Sur le marché français, hormis des PME comme Black Up, aucun industriel majeur n'est venu sur ce segment, excepté le groupe Alès (marques Caron et Liérac) avec sa gamme Phytospécific. Pourtant ce marché n'est plus une niche : L'Oréal réalise un chiffre d'affaires mondial de 200 millions d'euros avec les produits de sa marque Softsheen-Carson.

DIASPORAS ET LIEN AFFECTIF

Les télécoms sont un autre domaine intéressé par les cibles communautaires. La société Mobisud, filiale de MarocTélécom (elle-même filiale à 51 % de Vivendi), vise les " 4 à 6 millions de personnes vivant en France qui ont un lien affectif, familial, économique ou culturel avec le Maroc, l'Algérie et la Tunisie ", selon Cyrille Ferrachat, directeur général de Mobisud.

Pour conquérir cette clientèle, Mobisud propose la minute de communication vers un mobile ou un fixe de 30 % à 50 % moins chère qu'Orange, SFR ou Bouygues Télécom. Preuve que le marketing ethnique peut faire bouger les choses, ces trois opérateurs ont réagi avec des offres à destination de la communauté nord-africaine. Néanmoins, Mobisud conserve une longueur d'avance grâce à des services spécifiques, comme une hot line bilingue franco-arabe.

DES AGENCES CONSEIL SPECIALISEES

Pour accompagner ces initiatives et en susciter d'autres, des agences spécialisées sur le marché de l'ethnique ont vu le jour ces dernières années. Créée fin 2005, Ak-a s'est positionnée sur le créneau des Afro-Français, c'est-à-dire les Noirs français ou francophones originaires des DOM-TOM ou d'Afrique subsaharienne.

Cette population serait forte de 1,6 million de personnes selon Ak-a. " En 2004, j'ai passé six mois aux États-Unis, et j'ai remarqué que, là-bas, le marketing ethnique était très développé ", explique Olivier Turounet, directeur associé.

De retour en France, Olivier Turounet s'est aperçu qu'il n'existait aucune donnée chiffrée sur le marché des Noirs français. L'agence Ak-a a depuis mis en place un panel en ligne qui fonctionne sur le volontariat, ce qui lui permet, selon ses fondateurs, d'échapper à l'interdiction de la Cnil, qui proscrit les fichiers comportant des données personnelles relatives aux origines et obtenus sans le consentement exprès des intéressés.

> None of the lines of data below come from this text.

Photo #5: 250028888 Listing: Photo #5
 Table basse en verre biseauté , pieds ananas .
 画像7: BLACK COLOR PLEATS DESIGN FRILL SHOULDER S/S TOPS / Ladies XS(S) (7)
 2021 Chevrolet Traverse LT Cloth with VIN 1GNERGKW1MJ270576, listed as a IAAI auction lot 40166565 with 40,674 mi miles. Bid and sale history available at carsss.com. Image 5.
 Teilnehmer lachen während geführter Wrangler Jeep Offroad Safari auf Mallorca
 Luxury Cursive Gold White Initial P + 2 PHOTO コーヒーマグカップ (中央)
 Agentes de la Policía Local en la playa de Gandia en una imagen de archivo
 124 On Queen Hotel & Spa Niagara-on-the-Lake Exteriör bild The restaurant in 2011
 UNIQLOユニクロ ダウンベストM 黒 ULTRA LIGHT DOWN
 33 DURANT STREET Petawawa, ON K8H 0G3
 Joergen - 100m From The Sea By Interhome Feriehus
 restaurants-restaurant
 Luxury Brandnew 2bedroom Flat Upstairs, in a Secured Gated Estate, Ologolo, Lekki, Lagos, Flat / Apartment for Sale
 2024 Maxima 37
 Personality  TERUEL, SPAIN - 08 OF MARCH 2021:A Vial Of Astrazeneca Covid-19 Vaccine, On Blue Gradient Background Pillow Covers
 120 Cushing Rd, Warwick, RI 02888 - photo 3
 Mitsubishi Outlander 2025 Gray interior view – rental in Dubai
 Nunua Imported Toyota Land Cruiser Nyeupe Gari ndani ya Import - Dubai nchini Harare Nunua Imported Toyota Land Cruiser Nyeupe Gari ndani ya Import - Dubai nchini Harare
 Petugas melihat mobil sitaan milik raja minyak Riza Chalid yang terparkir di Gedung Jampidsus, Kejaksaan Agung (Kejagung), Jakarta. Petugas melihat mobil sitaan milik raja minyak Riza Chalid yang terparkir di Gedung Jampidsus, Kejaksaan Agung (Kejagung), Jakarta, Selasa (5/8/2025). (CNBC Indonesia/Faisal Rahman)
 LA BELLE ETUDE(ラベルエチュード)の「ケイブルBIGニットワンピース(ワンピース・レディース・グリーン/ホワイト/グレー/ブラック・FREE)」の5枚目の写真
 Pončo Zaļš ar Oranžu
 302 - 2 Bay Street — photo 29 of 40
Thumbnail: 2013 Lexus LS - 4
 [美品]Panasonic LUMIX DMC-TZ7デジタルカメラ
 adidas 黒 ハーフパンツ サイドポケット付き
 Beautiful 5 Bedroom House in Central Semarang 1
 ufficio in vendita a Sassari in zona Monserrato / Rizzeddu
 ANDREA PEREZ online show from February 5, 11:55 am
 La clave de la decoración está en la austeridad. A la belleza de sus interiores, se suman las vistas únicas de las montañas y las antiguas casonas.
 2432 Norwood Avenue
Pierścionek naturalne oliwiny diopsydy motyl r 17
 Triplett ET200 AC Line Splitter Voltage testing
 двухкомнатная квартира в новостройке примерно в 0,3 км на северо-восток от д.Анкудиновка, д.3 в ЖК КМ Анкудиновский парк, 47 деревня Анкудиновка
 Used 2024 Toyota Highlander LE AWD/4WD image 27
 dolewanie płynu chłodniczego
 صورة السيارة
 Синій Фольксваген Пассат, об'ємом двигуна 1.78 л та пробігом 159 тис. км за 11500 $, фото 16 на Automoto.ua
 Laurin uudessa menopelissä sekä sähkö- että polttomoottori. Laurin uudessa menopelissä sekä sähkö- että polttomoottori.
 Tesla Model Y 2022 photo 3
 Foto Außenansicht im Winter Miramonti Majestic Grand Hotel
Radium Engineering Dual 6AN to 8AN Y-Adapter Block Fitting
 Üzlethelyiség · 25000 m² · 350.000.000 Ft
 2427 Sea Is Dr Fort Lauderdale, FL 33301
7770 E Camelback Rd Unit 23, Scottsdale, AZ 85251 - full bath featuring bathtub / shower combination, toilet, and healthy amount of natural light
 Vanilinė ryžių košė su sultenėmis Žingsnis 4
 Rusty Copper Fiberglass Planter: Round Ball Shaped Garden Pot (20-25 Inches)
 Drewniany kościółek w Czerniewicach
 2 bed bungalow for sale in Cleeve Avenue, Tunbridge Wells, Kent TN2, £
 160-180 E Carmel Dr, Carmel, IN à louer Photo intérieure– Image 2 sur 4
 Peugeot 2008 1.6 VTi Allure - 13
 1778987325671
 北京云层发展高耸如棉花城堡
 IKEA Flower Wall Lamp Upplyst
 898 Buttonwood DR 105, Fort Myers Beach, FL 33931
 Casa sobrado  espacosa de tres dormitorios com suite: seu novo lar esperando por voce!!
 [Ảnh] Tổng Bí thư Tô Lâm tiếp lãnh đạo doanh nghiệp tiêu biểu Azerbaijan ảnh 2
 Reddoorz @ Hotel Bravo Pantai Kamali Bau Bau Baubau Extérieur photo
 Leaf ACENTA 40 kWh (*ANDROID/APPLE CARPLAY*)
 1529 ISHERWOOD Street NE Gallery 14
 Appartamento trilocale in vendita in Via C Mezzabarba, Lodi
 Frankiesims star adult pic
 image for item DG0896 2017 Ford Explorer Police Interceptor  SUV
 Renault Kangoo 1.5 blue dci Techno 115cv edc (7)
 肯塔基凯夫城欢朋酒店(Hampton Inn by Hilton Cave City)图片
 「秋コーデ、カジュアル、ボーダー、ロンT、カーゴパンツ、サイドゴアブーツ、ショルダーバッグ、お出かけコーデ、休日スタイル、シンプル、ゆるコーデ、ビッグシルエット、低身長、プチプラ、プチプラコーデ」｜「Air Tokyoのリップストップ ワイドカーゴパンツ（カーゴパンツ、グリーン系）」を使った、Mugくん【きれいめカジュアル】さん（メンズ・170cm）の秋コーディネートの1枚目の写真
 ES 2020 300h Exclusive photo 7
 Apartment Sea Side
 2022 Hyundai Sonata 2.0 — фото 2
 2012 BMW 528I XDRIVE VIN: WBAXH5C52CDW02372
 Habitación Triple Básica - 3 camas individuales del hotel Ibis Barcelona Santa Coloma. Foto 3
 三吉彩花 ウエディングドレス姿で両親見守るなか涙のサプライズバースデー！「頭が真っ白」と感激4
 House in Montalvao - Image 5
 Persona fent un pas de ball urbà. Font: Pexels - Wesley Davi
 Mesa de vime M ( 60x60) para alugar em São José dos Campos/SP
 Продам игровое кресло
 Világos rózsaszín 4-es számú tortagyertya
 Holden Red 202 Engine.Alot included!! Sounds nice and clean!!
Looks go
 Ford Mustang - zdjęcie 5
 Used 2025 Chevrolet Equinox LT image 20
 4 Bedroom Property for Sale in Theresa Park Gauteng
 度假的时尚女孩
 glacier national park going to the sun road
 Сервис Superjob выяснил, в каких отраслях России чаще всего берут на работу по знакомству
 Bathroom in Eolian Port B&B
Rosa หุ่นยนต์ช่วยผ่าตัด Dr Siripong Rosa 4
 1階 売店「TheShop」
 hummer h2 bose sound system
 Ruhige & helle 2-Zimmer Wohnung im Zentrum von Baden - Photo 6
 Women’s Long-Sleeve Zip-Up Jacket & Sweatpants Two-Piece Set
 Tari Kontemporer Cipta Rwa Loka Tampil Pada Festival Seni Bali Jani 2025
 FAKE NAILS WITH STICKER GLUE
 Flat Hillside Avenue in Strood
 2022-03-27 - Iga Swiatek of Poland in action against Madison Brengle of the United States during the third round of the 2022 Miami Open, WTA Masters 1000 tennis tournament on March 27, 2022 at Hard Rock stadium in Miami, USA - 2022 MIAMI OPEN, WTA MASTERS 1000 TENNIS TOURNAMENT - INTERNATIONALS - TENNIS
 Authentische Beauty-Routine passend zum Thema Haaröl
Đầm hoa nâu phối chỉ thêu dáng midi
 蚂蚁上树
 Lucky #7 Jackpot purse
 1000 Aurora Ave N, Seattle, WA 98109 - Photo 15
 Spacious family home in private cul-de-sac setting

" Nous offrons aux personnes qui répondent des points convertibles en cadeaux, et surtout l'accès au Tchip Show, première sitcom afrofrançaise sur notre Web télé Ak-a TV ", détaille Didier Mandin, directeur associé. Grâce à ses 4.000 panélistes, l'agence propose des études telles que " les comportements de consommation des Afro-Français ".

UN GATEAU A PRENDRE

Sopi, première agence à se spécialiser dès 2003 sur ce marché, préfère se présenter comme " agence de la diversité ". " Le marketing ethnique, ce n'est pas faire des publicités à la Benetton. Il existe des communautés qui ont des besoins spécifiques, mais pas pour tout et n'importe quoi ", précise Jean-Christophe Despres, PDG de Sopi.

L'agence a déjà engrangé 12.000 profils de consommateurs " ethniques ", et propose un service de régie publicitaire de médias communautaires on line. " Mais nous avons beaucoup de mal à les valoriser auprès des annonceurs, malgré les 6 millions de visiteurs uniques mensuels ", se plaint Jean-Christophe Despres.

Sopi réalise des études sur ces cibles, comme cette enquête en souscription sur un échantillon de 9.000 personnes qui étudie l'influence de leur origine et de leur culture sur leur comportement de consommateur.

Le marketing ethnique peut-t-il devenir incontournable, comme aux États-Unis ou en Grande Bretagne ? Pour Pascale Weil, les marques doivent avant tout se demander « si l’appartenance à une communauté surdétermine l’achat ou l’usage d’un produit ou d’un service ». « Mais encore faudrait-il qu’elles aient saisi l’intérêt économique de ces cibles », tempère Yohan Gicquel.
Selon Dominique Desjeux, « cette pratique va se développer, surtout sur une échelle européenne, avec des marchés liés aux diasporas ».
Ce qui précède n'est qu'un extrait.